Over the next 18 months, the City and Amtrak are engaging in a master planning process to explore the future of Sunnyside Yard in western Queens. Learn about the history of Sunnyside Yard.
Like all of New York City, Sunnyside Yard has evolved over time, responding to the changing demands of the city, its residents, and the railroads that use it.
Farm to Yard
It may be hard to believe, but when Queens became a borough at the turn of the 20th century, it was still very much made up of farmland. The land—made fertile by the city’s extensive waterways—was good for providing food, but it was also cheap land. And rapidly expanding industries, like railroads, needed the real estate.
At the time, the Pennsylvania Railroad, the nation’s largest railroad company, was in the middle of an ambitious regional expansion: building rail tunnels under the Hudson and East Rivers, to connect to New Jersey and Long Island, respectively, and building Penn Station as a new regional hub. The company needed a main railyard to store and service the trains that would utilize these new connections.
And so the table was set for the Pennsylvania Railroad, which, between 1902 and 1905, proceeded to purchase all of the land south of Northern Boulevard between 21st and 43rd Streets, the nearly-200 acres that would become Sunnyside Yard.
Construction of Sunnyside Yard, which was named for a farm on a nearby hill with breathtaking sunrise and sunset views, began in 1906 and was completed in 1910. When it opened, Sunnyside Yard was the largest coach yard in the world.
A New Age for NYC
The yard, and all the new infrastructure built by the railroad company, signaled a new stage in the city’s history. No longer a disconnected island, Manhattan was now the center of a rail network that stretched hundreds of miles, moving goods and people to all over the US. Sunnyside Yard was the engine that kept the system functioning.
As the railways prospered and expanded, so did the economy of New York City and Queens. The industrial landscape of Queens can trace its history directly back to Sunnyside Yard—industrial companies built their factories around the yard, using the railway infrastructure to move goods. There was so much activity in Sunnyside Yard that, in the early 20th century, the Queens Borough President’s office was located there.
The 1940s saw another significant change—the rise of the automobile. As cars gained popularity, people began to move to the suburbs, changing the role of railroads. In 1966, the State of New York purchased the Long Island Rail Road from Penn Central (formerly Pennsylvania Railroad) and along with it, 30 acres of Sunnyside Yard.
In 1970, Penn Central went bankrupt and the federal government took over much of the railroad, creating the National Railroad Passenger Corporation, otherwise known as Amtrak. In 1976, Amtrak took over ownership of Sunnyside Yard and sold a portion to General Motors, which today uses the site as car repair center.

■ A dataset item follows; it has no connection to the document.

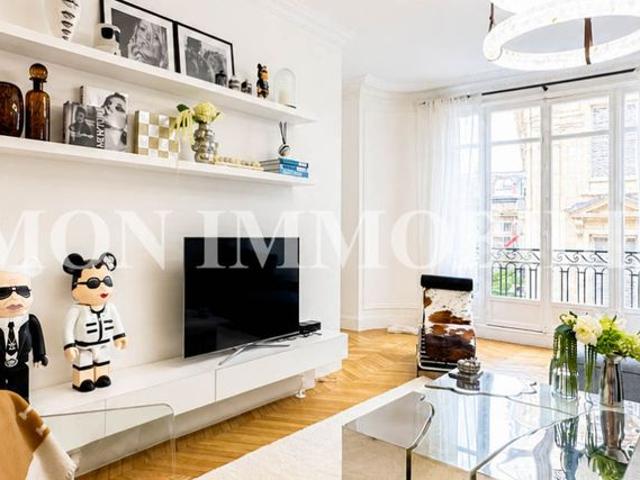 Appartement • Legendre Lévis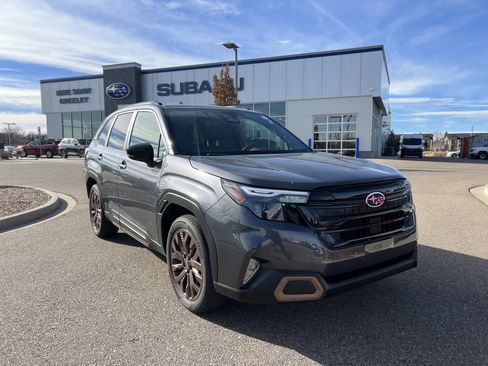 Used 2025 Subaru Forester Sport w/ Popular Package #1 image 7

Under Amtrak’s ownership, the yard went through more changes: service grew and expanded, and the yard became a maintenance and layover facility for Amtrak and New Jersey Transit. The yard adjusted to serve both the long-distance inter-city operations of Amtrak, and the shorter, more frequent service of LIRR’s commuter trains.
Shaping the Future
Today, with over 800 trains passing through daily, the yard is the busiest rail junction in the US. Nevertheless, Sunnyside Yard has plans to grow to over 1,000 train movements a day to accommodate an increase in railroad use. And the State and Amtrak are making numerous investments in the yard over the coming years to keep the region’s rail infrastructure modern and efficient.
The history of the yard, and current and future changes, make it clear that rail will always be a part of Sunnyside Yard. Now the question is: What else is in this future? How can the yard adapt for the needs of the next generation and beyond? How can it continue to a play role in supporting the city’s and region’s economy but look again to support jobs in Western Queens?
These are questions that the City is exploring as it undertakes the master planning process and looks into what can—and more importantly should—exist above Sunnyside Yard.